Make an exact copy of all the data, pictures excluded.

- **Provided material**
• • • • •

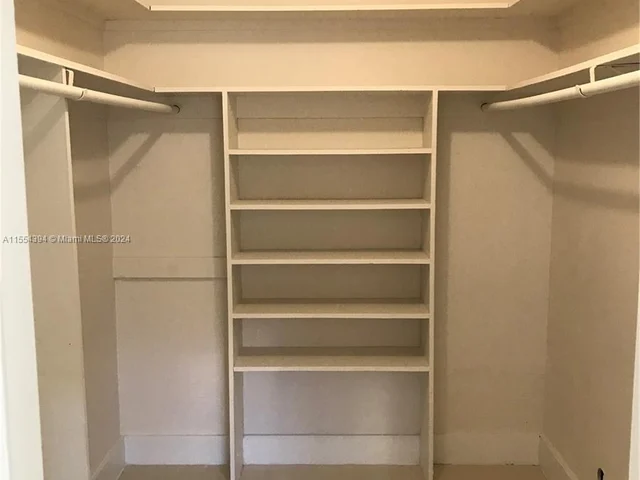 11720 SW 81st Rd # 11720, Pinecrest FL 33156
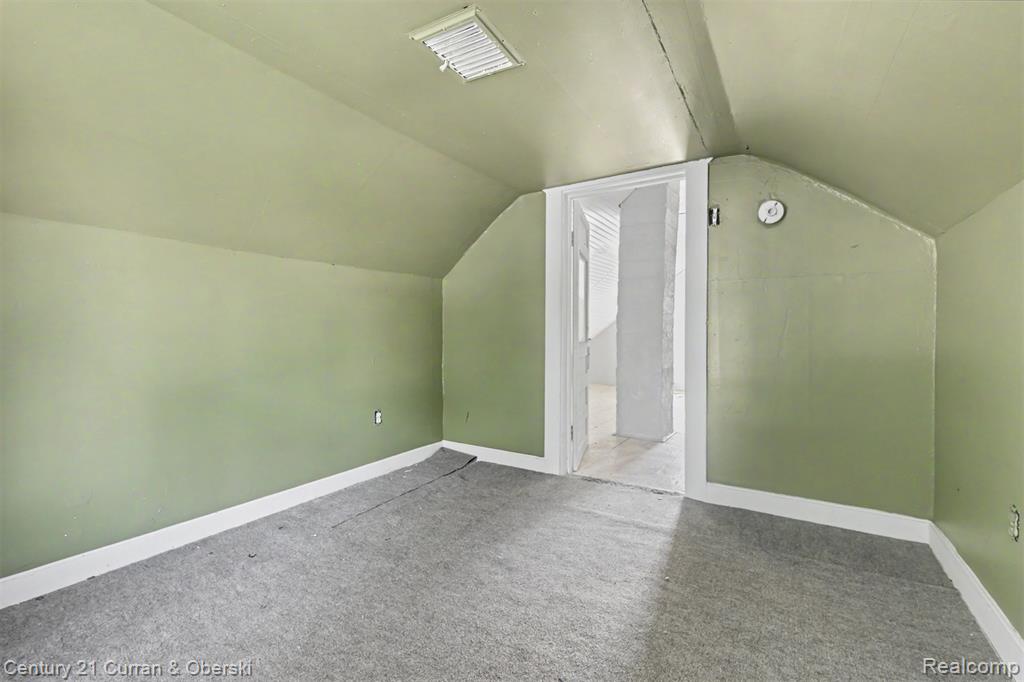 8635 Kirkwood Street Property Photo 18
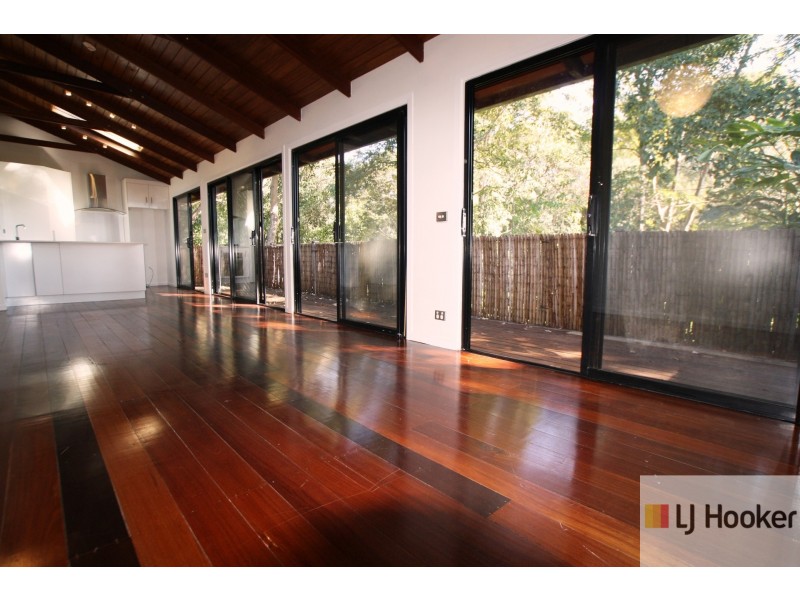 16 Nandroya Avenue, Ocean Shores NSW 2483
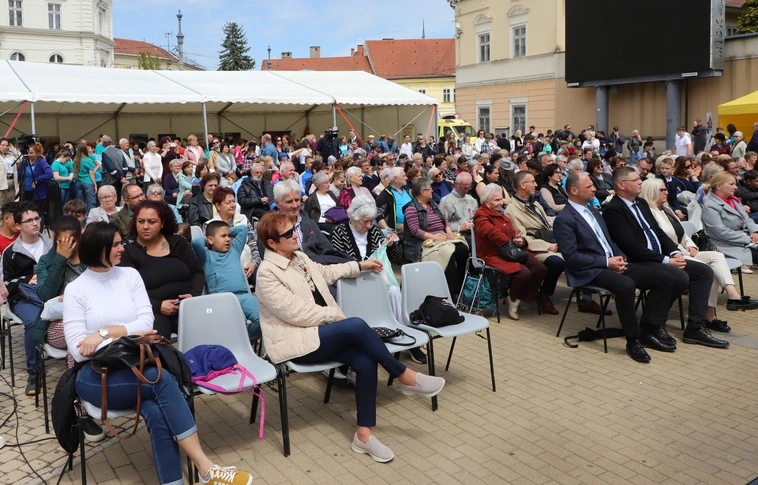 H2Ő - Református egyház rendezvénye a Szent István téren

• • • • •

- **Output for this task**
 11720 SW 81st Rd # 11720, Pinecrest FL 33156
 8635 Kirkwood Street Property Photo 18
 16 Nandroya Avenue, Ocean Shores NSW 2483
 H2Ő - Református egyház rendezvénye a Szent István téren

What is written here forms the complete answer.